--- START ---

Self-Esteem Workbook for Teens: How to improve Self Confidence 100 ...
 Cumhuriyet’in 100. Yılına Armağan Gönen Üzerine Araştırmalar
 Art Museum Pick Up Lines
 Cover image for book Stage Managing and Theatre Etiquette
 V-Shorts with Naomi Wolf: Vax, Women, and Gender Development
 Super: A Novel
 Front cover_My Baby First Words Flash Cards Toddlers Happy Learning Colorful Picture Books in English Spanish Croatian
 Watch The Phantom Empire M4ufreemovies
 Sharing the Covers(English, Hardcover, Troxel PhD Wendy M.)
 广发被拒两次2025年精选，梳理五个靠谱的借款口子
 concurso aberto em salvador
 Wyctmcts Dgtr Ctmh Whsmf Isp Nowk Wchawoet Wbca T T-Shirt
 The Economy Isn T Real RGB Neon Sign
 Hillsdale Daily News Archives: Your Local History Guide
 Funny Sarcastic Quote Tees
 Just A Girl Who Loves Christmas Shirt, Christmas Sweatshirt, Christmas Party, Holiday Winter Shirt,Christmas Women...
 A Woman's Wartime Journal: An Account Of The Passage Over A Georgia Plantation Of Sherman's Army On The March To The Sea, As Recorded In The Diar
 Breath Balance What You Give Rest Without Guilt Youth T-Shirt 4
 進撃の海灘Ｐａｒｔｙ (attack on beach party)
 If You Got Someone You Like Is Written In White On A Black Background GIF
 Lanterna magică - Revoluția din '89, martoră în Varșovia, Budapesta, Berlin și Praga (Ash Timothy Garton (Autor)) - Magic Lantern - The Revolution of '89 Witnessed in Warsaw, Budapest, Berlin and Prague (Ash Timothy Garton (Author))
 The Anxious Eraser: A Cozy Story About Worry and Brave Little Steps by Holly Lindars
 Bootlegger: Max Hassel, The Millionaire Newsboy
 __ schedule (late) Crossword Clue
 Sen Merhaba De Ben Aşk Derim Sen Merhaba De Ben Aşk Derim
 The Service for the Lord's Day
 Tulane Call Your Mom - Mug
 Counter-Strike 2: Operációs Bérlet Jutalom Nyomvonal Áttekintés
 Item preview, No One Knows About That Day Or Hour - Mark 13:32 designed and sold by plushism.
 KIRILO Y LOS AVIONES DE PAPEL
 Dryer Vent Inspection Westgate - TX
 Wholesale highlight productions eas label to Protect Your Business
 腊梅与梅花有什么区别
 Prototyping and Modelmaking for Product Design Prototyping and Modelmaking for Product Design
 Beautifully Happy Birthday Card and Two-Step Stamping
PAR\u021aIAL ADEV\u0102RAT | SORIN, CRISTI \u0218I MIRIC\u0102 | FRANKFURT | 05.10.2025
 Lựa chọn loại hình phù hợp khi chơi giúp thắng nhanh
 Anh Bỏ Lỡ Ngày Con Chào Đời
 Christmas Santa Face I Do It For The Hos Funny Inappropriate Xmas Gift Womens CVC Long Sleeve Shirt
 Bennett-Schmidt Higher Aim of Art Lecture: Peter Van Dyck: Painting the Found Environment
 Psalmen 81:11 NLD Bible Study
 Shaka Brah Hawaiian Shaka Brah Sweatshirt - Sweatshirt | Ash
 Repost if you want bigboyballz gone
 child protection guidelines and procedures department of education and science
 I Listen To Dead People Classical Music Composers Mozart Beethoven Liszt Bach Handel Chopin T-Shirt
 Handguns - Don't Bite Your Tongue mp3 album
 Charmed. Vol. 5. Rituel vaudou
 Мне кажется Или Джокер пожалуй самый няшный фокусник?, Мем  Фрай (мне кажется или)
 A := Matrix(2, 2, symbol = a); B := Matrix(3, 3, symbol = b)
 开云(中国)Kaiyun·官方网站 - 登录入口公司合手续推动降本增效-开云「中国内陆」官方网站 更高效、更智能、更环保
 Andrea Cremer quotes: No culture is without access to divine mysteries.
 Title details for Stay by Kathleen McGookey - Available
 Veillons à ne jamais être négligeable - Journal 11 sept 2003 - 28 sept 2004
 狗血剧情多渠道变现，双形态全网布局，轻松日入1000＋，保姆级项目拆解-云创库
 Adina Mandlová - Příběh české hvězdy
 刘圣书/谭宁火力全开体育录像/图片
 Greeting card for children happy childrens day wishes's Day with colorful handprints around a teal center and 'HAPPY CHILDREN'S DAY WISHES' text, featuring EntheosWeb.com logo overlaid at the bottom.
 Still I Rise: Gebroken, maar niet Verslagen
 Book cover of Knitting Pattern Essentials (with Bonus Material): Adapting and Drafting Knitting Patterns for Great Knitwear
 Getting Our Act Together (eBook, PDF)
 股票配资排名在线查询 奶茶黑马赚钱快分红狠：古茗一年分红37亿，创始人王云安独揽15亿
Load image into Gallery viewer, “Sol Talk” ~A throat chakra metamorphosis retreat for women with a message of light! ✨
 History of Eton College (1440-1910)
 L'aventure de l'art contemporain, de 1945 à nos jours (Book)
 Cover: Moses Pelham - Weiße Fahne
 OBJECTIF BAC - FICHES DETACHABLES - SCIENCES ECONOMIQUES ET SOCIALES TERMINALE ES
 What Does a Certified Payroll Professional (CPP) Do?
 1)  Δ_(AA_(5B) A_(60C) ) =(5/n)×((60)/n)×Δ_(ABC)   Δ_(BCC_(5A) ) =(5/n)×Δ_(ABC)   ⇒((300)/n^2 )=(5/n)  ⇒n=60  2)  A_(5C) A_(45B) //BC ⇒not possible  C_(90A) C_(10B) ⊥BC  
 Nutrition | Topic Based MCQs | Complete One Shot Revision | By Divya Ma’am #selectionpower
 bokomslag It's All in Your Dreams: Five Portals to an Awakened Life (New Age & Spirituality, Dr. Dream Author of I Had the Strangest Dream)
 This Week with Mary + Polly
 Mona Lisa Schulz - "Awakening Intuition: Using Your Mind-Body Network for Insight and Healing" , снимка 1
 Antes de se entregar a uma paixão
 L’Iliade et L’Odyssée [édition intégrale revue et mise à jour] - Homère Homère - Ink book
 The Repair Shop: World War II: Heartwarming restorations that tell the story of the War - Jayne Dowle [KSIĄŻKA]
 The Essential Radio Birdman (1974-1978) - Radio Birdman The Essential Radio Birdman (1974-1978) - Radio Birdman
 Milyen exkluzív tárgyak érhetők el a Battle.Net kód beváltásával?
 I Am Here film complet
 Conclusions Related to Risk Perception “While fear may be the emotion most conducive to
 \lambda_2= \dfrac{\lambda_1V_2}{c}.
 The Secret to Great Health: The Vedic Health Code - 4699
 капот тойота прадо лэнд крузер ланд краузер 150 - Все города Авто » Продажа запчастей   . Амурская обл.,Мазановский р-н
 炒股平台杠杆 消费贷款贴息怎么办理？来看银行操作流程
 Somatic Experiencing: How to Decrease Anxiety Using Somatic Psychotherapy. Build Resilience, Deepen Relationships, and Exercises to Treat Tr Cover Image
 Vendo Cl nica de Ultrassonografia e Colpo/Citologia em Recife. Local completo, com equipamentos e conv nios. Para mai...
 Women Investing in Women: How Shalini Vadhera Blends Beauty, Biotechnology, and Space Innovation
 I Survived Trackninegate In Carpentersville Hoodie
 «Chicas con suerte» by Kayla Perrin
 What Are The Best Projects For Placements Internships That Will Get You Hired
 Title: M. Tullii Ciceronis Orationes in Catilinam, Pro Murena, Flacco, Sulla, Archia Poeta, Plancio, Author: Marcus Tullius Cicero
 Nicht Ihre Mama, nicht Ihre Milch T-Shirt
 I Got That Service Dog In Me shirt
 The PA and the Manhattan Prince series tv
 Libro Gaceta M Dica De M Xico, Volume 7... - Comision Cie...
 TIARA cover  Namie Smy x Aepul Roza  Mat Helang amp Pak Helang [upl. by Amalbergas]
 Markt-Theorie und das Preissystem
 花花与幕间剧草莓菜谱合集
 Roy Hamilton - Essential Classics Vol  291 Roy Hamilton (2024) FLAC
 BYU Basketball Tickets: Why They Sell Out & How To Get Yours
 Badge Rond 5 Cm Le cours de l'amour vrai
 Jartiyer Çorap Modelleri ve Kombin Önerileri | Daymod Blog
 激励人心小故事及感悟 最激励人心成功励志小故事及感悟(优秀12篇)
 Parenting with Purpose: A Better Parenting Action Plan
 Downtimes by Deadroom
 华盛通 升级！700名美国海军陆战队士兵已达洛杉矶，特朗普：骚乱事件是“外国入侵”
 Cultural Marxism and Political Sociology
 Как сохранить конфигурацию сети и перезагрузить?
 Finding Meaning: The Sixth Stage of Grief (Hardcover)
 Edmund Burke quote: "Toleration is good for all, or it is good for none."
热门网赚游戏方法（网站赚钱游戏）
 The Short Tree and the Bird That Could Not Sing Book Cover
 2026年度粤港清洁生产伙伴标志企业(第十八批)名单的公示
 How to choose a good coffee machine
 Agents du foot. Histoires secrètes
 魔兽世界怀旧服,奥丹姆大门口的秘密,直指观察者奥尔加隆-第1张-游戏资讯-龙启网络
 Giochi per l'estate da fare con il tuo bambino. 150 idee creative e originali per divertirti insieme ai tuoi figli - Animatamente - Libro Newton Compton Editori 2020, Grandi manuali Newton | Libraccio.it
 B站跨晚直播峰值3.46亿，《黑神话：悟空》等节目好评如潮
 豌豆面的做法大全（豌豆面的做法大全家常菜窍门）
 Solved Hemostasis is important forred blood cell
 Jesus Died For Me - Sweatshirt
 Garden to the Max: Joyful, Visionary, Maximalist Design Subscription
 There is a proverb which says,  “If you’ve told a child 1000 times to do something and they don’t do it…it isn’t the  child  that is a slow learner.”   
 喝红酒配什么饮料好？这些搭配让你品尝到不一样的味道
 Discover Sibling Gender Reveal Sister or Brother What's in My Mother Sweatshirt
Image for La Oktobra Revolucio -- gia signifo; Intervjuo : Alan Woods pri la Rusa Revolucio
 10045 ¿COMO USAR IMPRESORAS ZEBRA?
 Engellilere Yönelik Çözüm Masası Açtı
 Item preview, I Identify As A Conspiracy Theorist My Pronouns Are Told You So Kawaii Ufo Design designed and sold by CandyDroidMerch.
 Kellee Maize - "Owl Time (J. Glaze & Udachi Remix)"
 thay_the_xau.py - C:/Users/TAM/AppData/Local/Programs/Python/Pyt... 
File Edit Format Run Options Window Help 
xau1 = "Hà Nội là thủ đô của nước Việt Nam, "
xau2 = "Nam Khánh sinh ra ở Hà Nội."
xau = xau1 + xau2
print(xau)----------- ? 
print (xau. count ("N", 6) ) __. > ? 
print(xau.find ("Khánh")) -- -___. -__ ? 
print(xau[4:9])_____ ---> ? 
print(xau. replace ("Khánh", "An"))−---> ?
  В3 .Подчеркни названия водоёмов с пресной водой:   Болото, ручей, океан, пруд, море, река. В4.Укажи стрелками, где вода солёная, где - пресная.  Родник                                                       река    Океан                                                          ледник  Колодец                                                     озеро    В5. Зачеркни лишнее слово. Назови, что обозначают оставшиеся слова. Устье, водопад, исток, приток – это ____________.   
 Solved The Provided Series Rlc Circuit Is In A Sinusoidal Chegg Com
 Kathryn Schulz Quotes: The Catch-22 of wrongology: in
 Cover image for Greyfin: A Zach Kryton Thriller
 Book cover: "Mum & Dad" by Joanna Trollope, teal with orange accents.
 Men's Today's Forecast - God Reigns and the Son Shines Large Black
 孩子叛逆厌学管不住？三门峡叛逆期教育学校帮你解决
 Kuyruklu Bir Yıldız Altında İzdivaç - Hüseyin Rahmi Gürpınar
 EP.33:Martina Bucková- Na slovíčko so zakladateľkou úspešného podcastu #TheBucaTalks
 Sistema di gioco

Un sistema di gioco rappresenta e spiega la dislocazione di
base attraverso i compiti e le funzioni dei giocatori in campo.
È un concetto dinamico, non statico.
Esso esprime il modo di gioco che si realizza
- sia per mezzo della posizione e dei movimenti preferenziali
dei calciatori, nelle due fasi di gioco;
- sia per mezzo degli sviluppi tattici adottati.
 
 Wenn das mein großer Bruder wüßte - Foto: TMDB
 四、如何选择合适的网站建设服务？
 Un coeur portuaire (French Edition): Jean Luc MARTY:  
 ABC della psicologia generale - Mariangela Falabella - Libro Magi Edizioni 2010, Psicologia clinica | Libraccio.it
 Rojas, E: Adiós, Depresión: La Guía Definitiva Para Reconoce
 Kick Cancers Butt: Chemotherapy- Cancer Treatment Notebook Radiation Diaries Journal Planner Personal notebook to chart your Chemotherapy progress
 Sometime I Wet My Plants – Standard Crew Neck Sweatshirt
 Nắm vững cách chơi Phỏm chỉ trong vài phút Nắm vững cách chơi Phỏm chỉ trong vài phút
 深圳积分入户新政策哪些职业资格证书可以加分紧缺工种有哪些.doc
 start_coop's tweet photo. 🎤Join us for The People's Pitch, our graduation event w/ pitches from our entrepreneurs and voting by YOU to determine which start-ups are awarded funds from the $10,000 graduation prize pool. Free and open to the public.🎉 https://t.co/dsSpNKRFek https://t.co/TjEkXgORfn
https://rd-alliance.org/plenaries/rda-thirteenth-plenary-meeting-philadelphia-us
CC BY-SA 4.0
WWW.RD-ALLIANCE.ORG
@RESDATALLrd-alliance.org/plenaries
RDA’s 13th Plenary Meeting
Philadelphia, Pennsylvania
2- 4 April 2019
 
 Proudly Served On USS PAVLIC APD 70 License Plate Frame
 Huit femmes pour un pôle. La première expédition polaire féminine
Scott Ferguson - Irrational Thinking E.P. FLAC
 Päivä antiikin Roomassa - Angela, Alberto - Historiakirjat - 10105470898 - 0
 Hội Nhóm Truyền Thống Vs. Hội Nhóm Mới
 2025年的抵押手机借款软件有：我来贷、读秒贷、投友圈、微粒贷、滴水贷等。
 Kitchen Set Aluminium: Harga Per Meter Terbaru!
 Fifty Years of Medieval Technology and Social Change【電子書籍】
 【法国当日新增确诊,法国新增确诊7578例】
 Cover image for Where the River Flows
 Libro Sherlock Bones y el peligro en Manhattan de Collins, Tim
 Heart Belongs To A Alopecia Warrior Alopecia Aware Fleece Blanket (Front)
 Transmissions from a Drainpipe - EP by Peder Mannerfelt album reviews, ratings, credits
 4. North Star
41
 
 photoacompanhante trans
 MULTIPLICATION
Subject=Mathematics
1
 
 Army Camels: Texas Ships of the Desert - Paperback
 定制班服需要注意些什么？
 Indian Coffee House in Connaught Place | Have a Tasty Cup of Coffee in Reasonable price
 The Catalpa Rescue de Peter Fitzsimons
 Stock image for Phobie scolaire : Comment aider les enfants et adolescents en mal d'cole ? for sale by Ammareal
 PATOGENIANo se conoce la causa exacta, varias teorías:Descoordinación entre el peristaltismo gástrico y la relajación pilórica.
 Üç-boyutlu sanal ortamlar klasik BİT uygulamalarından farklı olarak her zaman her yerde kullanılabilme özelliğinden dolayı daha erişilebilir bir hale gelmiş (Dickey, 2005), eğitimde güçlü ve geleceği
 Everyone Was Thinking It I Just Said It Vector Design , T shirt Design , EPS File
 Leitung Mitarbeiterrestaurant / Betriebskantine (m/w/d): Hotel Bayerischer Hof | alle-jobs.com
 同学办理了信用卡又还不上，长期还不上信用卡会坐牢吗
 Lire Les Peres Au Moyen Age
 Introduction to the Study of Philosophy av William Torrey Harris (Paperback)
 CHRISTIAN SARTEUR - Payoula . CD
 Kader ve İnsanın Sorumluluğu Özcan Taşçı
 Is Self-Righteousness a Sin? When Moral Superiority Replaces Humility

--- END ---

** Task to carry out **
Using the listing above, return word for word each line from the one that has "Transmissions from a" through the one that has "Stock image for", and no line outside that range.

** Task answer **
 Transmissions from a Drainpipe - EP by Peder Mannerfelt album reviews, ratings, credits
 4. North Star
41
 
 photoacompanhante trans
 MULTIPLICATION
Subject=Mathematics
1
 
 Army Camels: Texas Ships of the Desert - Paperback
 定制班服需要注意些什么？
 Indian Coffee House in Connaught Place | Have a Tasty Cup of Coffee in Reasonable price
 The Catalpa Rescue de Peter Fitzsimons
 Stock image for Phobie scolaire : Comment aider les enfants et adolescents en mal d'cole ? for sale by Ammareal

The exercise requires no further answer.